Kenyewa Pastors Association guild, in a statement signed by 31 pastors domiciled in Kajiado East constituency, said they are “tired” burying people killed by wild animals.
Rev. John ole Tinkoi, who is the guild’s secretary general, Chairman Pastor Elisha Kipilosh, Vice Chairman Dancun Simpiroi, Treasurer Pastor Japheth Kakuo, and Coordinator Pastor Daudi Lentoe said the Church cannot sit back and watch a section of the country bleeding.
Nominated Senator Judy Pareno.
“As a Church, we cannot sit back and be part of those counting and burying the dead. We take this opportunity to speak to the government and tell the leadership that all is not well. People are trampled upon and killed by elephants at will as Kenya Wildlife Services watch them die,” said Tinkoi.
Tinkoi said the lives of people being killed by wild animals in settlement areas are more important than the beasts the government is protecting.
He said that other the three deaths reported in the last two and a half weeks caused by wildlife conflicts in Masimba and Merrueshi areas of Kajiado, elephants have destroyed and uprooted water pipes in Eleikasa and Esarunoto areas.
“Fences in several schools in Masimba have been uprooted, while in Oloikara area greenhouses belonging to farmers have been destroyed,” said Tinkoi.
Earlier on Thursday, nominated Senator Judy Pareno, claimed a community living on the border of Kajiado and Makueni counties in Sultan Hamud lost property and livestock valued at Sh5 million to stray elephants and lions.
“At the home of Edward Ndilai, elephants uprooted crops and fences, Entareto Secondary School gates have also been uprooted by elephants and pit latrines in the surrounding schools have also been damaged by Jumbos,” said Pareno.
She said some of the farmers who have suffered most in on-going human/wildlife conflict include; Daniel Kata, Moses Leyian, George Morosua, Timothy Solitei, Douglas Kanchaoi, Agatha Solitei, and Jeremiah Koromo.
The senator Pareyo and the pastors confirmed there are 30 elephants roaming the bushes of Masimba currently as Kenya Wildlife Service rangers have “kept” off the area.
Kajiado KWS senior warden, Muteru Njauuini, on Thursday last week said he had been warned by his seniors in Nairobi against talking to the media in Kajiado.
“They told me they have a communication office in Nairobi which will always respond to issues regarding human/wildlife conflicts. Kindly talk to our people in Nairobi to confirm whatever questions you have,” said Njauuini.

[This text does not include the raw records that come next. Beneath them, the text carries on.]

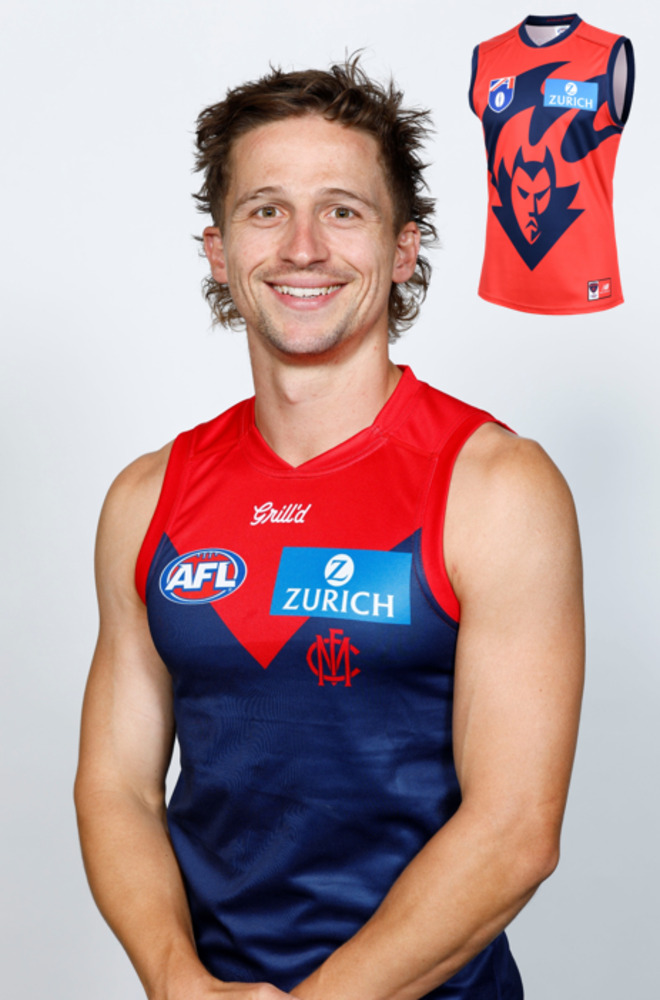 2025 Melbourne Demons Red Flamehead Guernsey - Jack Billings #14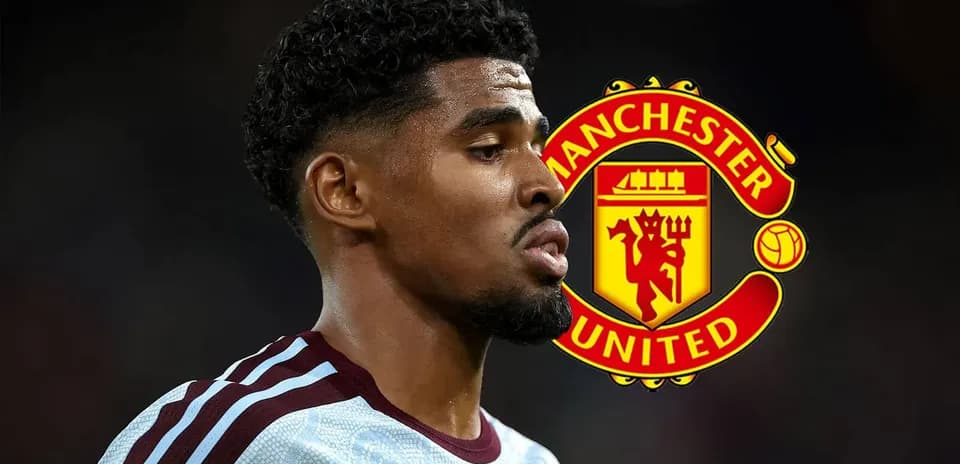 Joueur de Manchester United avec logo du club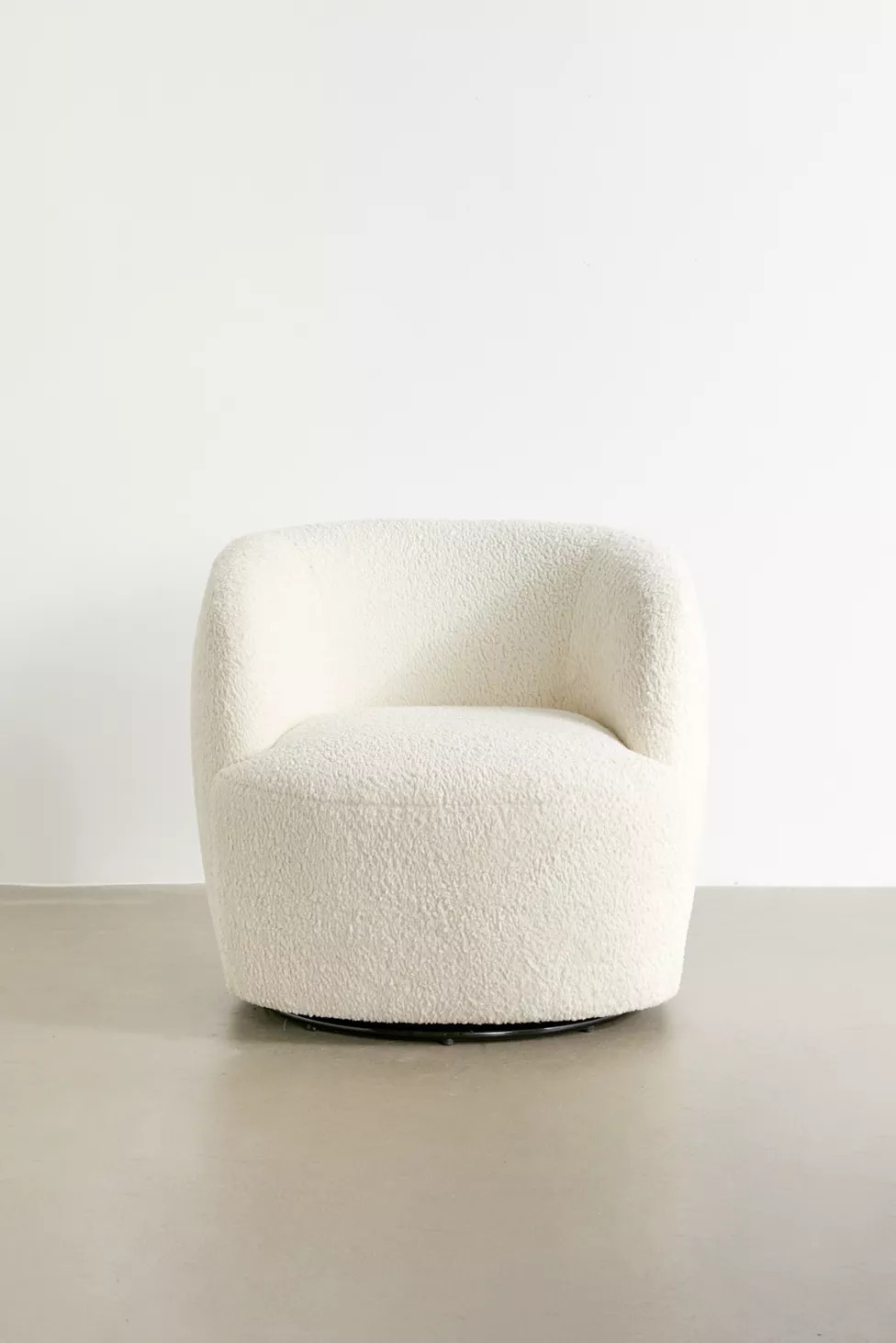 Dover Faux Sheepskin Swivel Chair | Urban Outfitters (US and RoW)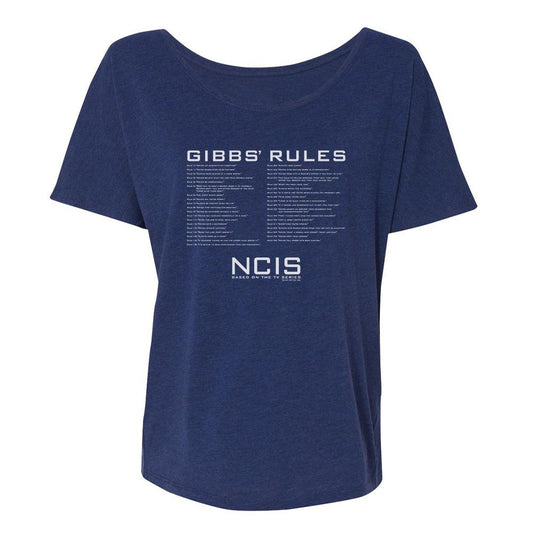 NCIS Gibbs Rules Women's Relaxed T-Shirt | Official CBS Entertainment Store-3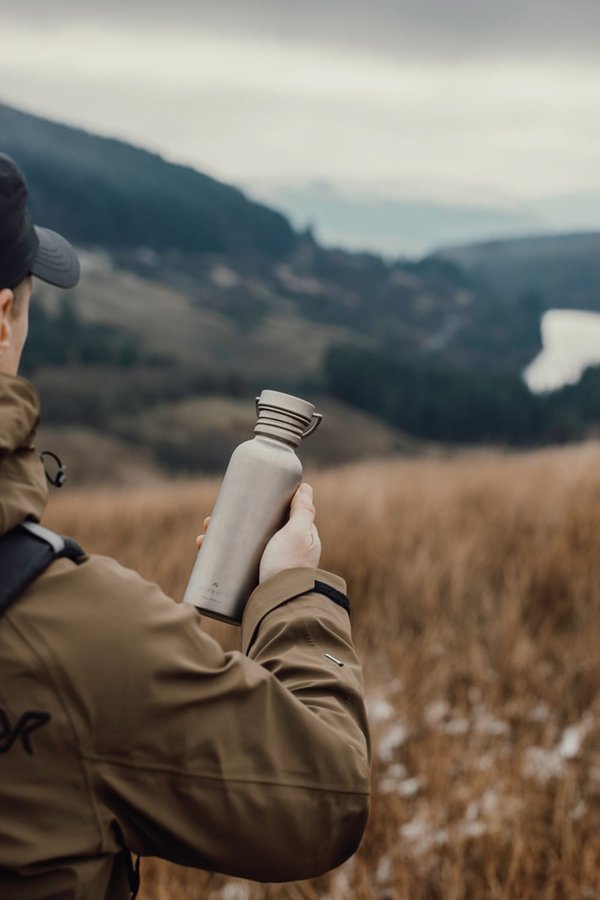 Ультралегкая бутылка для воды Nordic Drift Trail из титана, 600 мл - Ультралегкая бутылка для воды Nordic Drift Trail из титана, 600 мл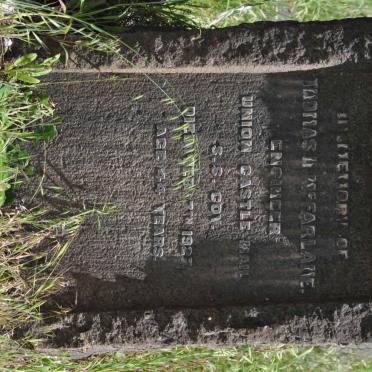 McFARLANE Thomas H. -1927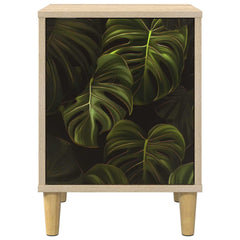 vidaXL Bedside Cabinet ELBURG 2 pcs Sonoma Oak 36 x 33 x 50 cm 6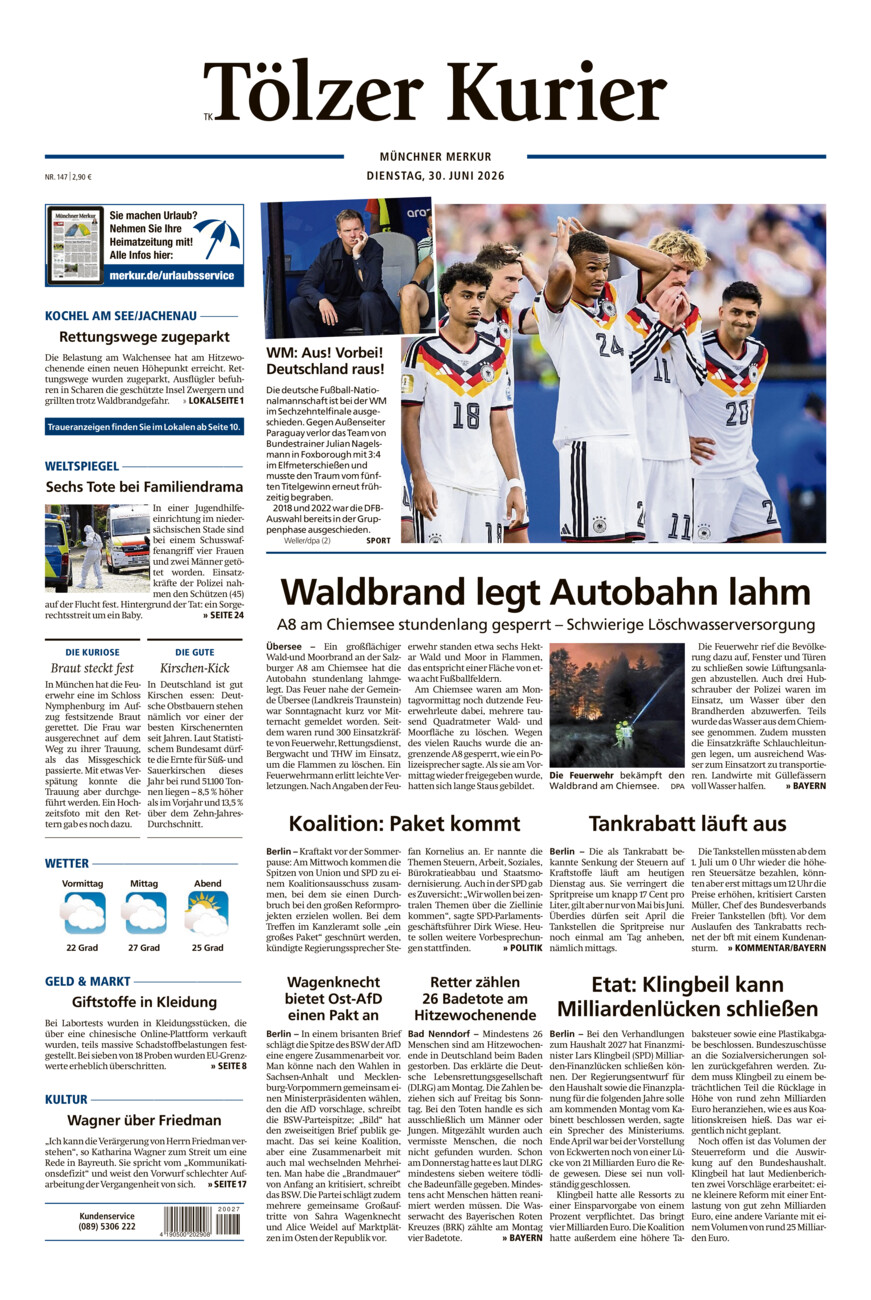 Tölzer Kurier (TK) vom Dienstag, 30.06.2026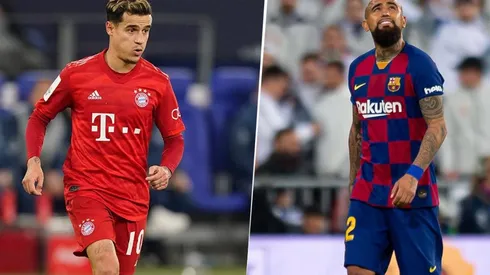 Coutinho y Vidal, dos de los jugadores con los que el Barcelona buscaría generar ingresos (Fotos: Getty)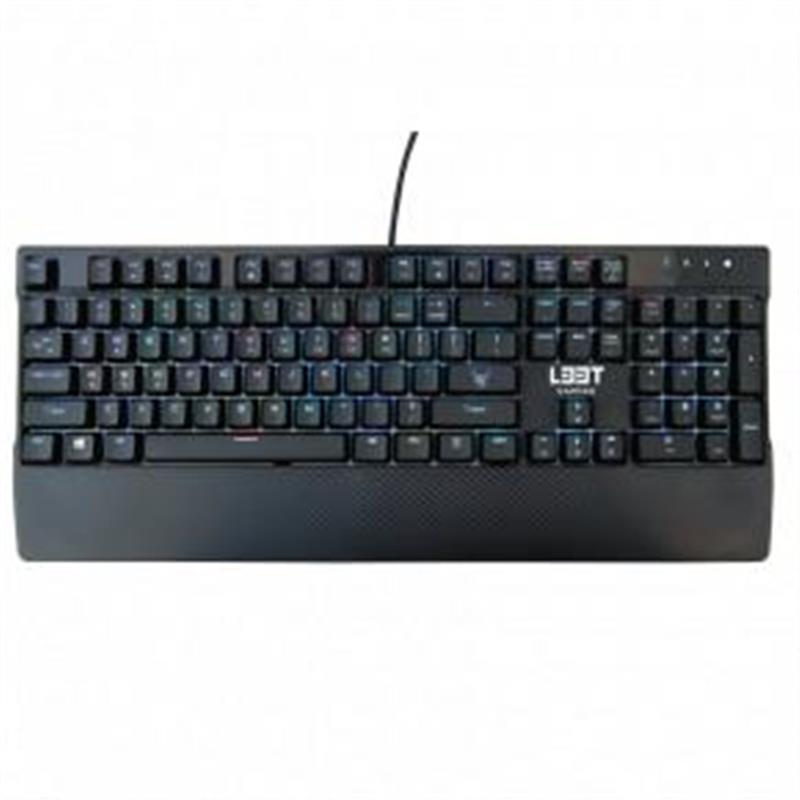 L33T Gaming Megingj rd Full Mechanical Gaming Keyboard W RGB US INTERNATIONAL USB 105-key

We visited Masimba on Friday last week and witnessed that several schools in the area have been closed due to alleged insecurity posed by elephants.
Fresh elephant footmarks were also evident at a water pan next to where one man, Pelo Muterian, was killed by an elephant on May 24.
“For the last eight years, close to ten lives have been lost, several people maimed, and livestock mauled by lions with no penny for compensation from the government,” said Pastor Kipilosh.
In a span of one week, two weeks ago, William Sonke Marona, Tom Parkisali, Pelo Muterian were killed by stray elephants, in what appears to be callousness on the side of the authorities and KWS, Kipilosh said.
Kipilosh said schools that have been closed down due to elephant menace include; Enkonerei, Oltukai, Oldonyo Lenkai, Nkusso, Chyulu, Nemasi, and Paranai primary schools. The pastors said the government mints millions of shillings as a result of tourism but that unfortunately for the locals of Kenyewa/Poka Ward little is done to improve their livelihoods through the local wildlife conservancy activities.
“We hereby calling upon the government to speed up the compensation of all the affected families and also fence off Chyulu Hills National Park and Amboseli National park to prevent more life loss from wildlife attacks,” the guild concluded.